# Action item
Images should be omitted while the rest of the data is duplicated exactly.

# Given records
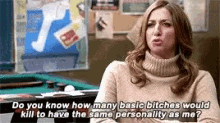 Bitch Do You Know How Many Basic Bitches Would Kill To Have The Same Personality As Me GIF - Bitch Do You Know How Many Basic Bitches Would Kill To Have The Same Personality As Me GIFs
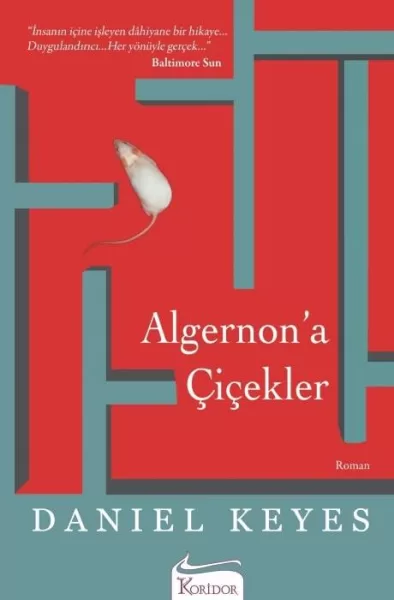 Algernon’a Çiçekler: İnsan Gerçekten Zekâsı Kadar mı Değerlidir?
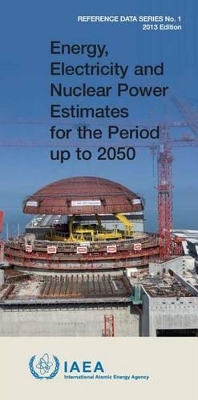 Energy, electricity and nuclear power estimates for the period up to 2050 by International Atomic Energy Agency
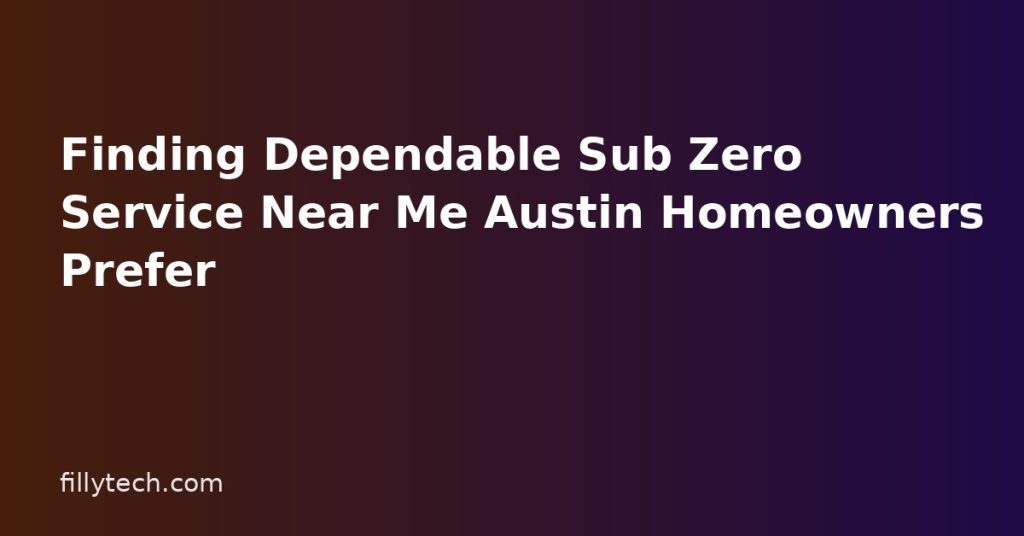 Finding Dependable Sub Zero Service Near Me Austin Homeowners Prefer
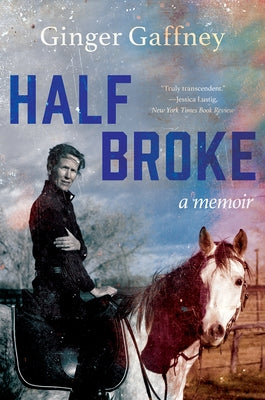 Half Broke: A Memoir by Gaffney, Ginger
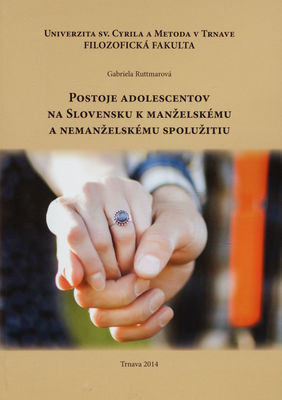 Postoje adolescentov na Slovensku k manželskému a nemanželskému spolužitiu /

# Solved problem
 Bitch Do You Know How Many Basic Bitches Would Kill To Have The Same Personality As Me GIF - Bitch Do You Know How Many Basic Bitches Would Kill To Have The Same Personality As Me GIFs
 Algernon’a Çiçekler: İnsan Gerçekten Zekâsı Kadar mı Değerlidir?
 Energy, electricity and nuclear power estimates for the period up to 2050 by International Atomic Energy Agency
 Finding Dependable Sub Zero Service Near Me Austin Homeowners Prefer
 Half Broke: A Memoir by Gaffney, Ginger
 Postoje adolescentov na Slovensku k manželskému a nemanželskému spolužitiu /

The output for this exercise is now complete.